Later, at brunch, I start talking. I babble on and on at Johannes. About my grandparents, how they’re renovating the house after all these years, about how Traudel was always so envious of people who had automatic washing machines while she was still using a tub. I blather about my mother and how she’s out of work, about my father and his young Russian girl, who I might make friends with, but perhaps I’ll hate her, if she’s pretty I’ll definitely hate her, and she’s supposed to be very pretty, Grandpa saw a photo and said, “not bad,” Grandpa knows all about pretty girls, he had an eye for the women, as the landlord of the local tavern once put it, but that’s all in the past, I mean he’s an old man now. Johannes only looks up when I’m talking about the Russian girl, and says, “She’s just a year older than me.”
I nod and continue my monologue. Eventually Siegfried comes into the kitchen and says they must be here soon, the Westerners. “Yes,” I say. “It can’t be long now!”
And it isn’t long, which is a relief, because Frieda’s had butterflies for hours. She’s quite distracted. She was in the kitchen cooking at four this morning. Everything was done by the time I came down for breakfast; lunch only needs warming up. After a while we hear a soft purring in the drive—a completely new sound to us. Lukas in particular will remember it for a long time. He’s never seen a car like it: a real Mercedes, we hadn’t expected that. Frieda steps aside and peers into the distance as if she were expecting more visitors. But then she closes the gate and, head bowed, appro
aches Hartmut, who has just gotten out of the car. She clasps her hands over her large tummy, nodding all the while. “Is that you?” she asks, nodding a few more times.
Hartmut is unmistakably Siegfried’s brother. Not that he’s a carbon copy, but it’s the movements, gestures, the way he raises his head, the fleeting grins. Like Siegfried he has a large head and bright, wide-apart eyes with thick blond eyelashes, but his nose is narrower and his lips aren’t as full. He looks pale in comparison to Siegfried, whose skin is brown and leathery from his daily work on the farm and in the fields, from the biting winter wind and burning summer sun. The brothers greet each other with a firm handshake. Marianne is in tears and throws her arms around Hartmut. She’s made herself look lovely, has Marianne. She’s wearing a wide black skirt printed with lavish roses, and a tight-fitting, low-cut red top.
Then the wife gets out of the car. I’ve been watching her. She had flipped down the sun visor, which must have a mirror in it, put on some lipstick, and smoothed her eyebrows. Now she makes straight for Frieda, offers her hand, and says, “I’m Gisela. Delighted to meet you, after all these years.”

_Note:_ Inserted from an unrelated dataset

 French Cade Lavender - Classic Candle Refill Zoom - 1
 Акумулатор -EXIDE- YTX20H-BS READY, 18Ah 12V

“You’re telling me,” Frieda says, without really looking at her. Gisela is wearing a gray trouser suit and a white blouse. Her blond hair is tied up. She’s quite elegant. Her shoes are black, and they don’t have heels; she’s almost as tall as Hartmut, and therefore Siegfried, too. Although Marianne’s wearing high heels—and she often wears them, even in the animal sheds—she only comes up to Gisela’s nose. Then the rest of us greet each other in turn, offering our hands and introducing ourselves. We all look through the gleaming car windows at the backseat, where the children are asleep. They are seven and nine; Hartmut took his time to have children.
Frieda hurries into the kitchen to warm up the food while the rest of us stay outside. Marianne has linked arms with Gisela and is showing her the farmyard; Siegfried and Lukas are gawping into the open hood of the Mercedes. Johannes follows Hartmut, who looks as if he’s about to cry. I can understand why. Alfred slinks around for a while, then goes back to his work.